Jika Hamas Menolak Proposal Damai
Menolak proposal juga bukan jalan mudah. Justru sebaliknya, konsekuensi yang menanti bisa jauh lebih berat.
Pertama, perang akan terus berlanjut. Israel bersama AS hampir pasti menjadikan penolakan sebagai alasan untuk melanjutkan operasi militer. Targetnya jelas: menghancurkan Hamas sepenuhnya. Gaza bisa kembali hancur berkeping-keping, dengan korban sipil yang lebih banyak.
Kedua, blokade akan semakin diperketat. Israel dapat menutup total akses makanan, obat-obatan, bahan bakar, dan bantuan kemanusiaan. AS mungkin ikut menekan lembaga internasional agar membatasi bantuan. Bagi rakyat Gaza, situasi ini berarti penderitaan lebih dalam, bahkan potensi bencana kemanusiaan yang jauh lebih besar.
Ketiga, Hamas justru memperoleh legitimasi baru sebagai simbol perlawanan. Menolak proposal bisa memperkuat citranya di mata pendukung. Iran, Hizbullah, dan simpatisan Palestina di berbagai belahan dunia mungkin akan semakin mendukung. Namun, penguatan legitimasi politik tidak otomatis memperbaiki kehidupan rakyat Gaza yang tetap terjebak dalam penderitaan.
Keempat, Israel bisa mengambil alih Gaza sepenuhnya. Dengan alasan Hamas menolak perdamaian, Israel memiliki legitimasi untuk melakukan pendudukan militer penuh. Jika itu terjadi, Gaza kehilangan kendali politik yang tersisa, dan rakyat hidup di bawah aturan militer Israel secara langsung.

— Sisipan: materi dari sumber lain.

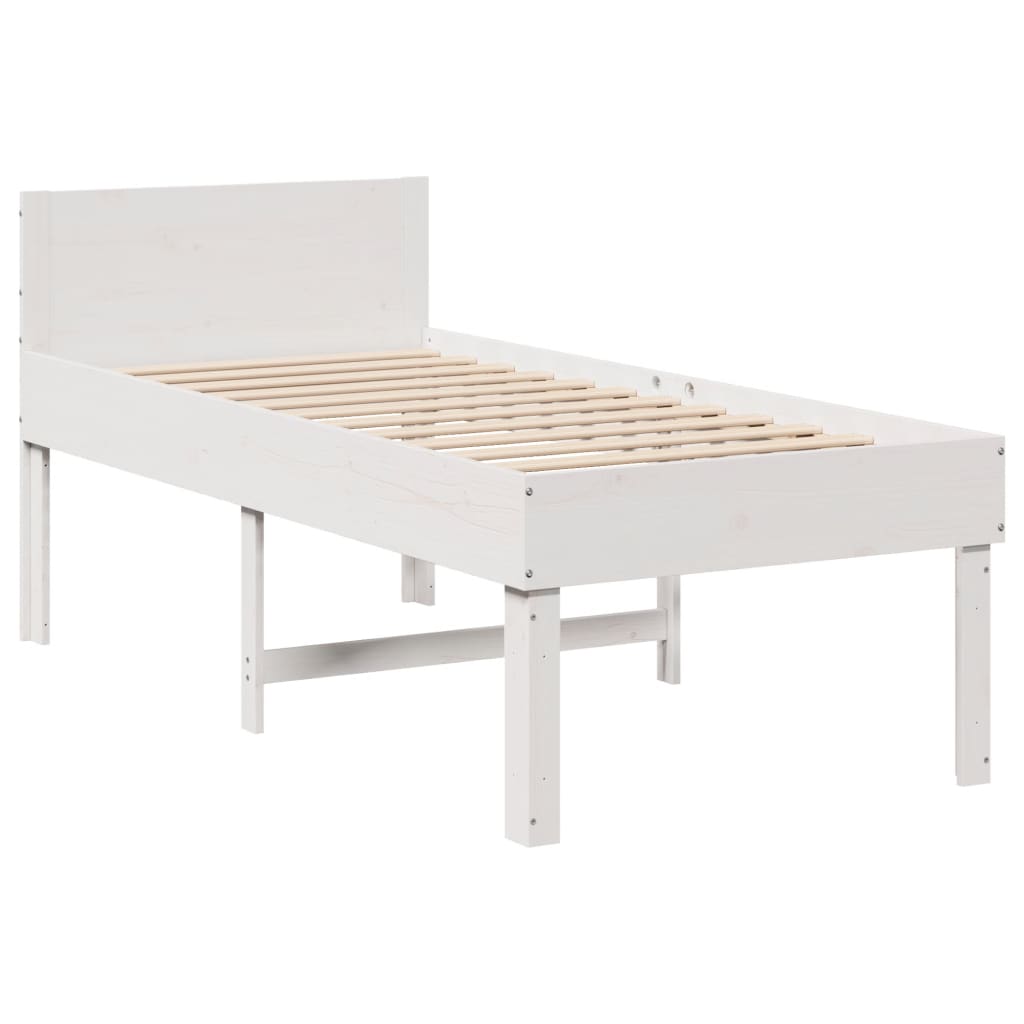 Bed Frame Without Mattress Small Single Solid Wood Pine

Kelima, penolakan juga akan memicu dampak regional. Konflik bisa merembet ke Lebanon, Suriah, atau Tepi Barat. Dunia Arab akan kembali terpecah: ada yang mendukung Hamas, ada pula yang menginginkan stabilitas. Radikalisasi di kalangan pemuda Timur Tengah bisa meningkat, dan kawasan kembali menjadi pusat ketegangan global.
Singkatnya, menolak proposal berarti mempertahankan martabat perjuangan, tetapi dengan risiko penderitaan lebih panjang, blokade lebih keras, dan kemungkinan hilangnya Gaza sepenuhnya dari kendali rakyatnya sendiri.

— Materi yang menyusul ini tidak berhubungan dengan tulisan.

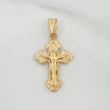 Dije Cruz Cristo 1.1gr / 3cm / Oro Amarillo 18K &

Kemenangan Israel–Amerika dan Pilihan Sulit Gaza
Dari dua skenario di atas, tampak jelas bahwa Israel dan Amerika Serikat berada pada posisi yang selalu diuntungkan. Jika Hamas menerima, Israel berhasil melucuti musuh utamanya tanpa melanjutkan perang. Gaza menjadi lebih stabil, sementara Trump bisa mengklaim dirinya sebagai pembawa perdamaian. Jika Hamas menolak, Israel mendapat legitimasi untuk melanjutkan operasi militer, dan AS tetap berada di sisi sekutunya.
Sebaliknya, Gaza justru menghadapi pilihan yang sama-sama sulit. Menerima berarti mendapatkan peluang pembangunan dan stabilitas, tetapi dengan mengorbankan identitas perlawanan. Menolak berarti mempertahankan martabat perjuangan, tetapi rakyat harus membayar harga mahal berupa perang berkepanjangan dan penderitaan yang lebih dalam.
Pada akhirnya, keputusan berada di tangan Hamas, tetapi dampaknya ditanggung seluruh Gaza. Apa pun yang dipilih, masa depan rakyat Gaza akan sangat ditentukan oleh keputusan ini. Selama hak rakyat Palestina untuk menentukan nasib sendiri belum diakui, setiap proposal damai berisiko rapuh. Gaza mungkin saja berubah wajah, tetapi damai sejati masih tetap menjadi mimpi yang jauh dari kenyataan.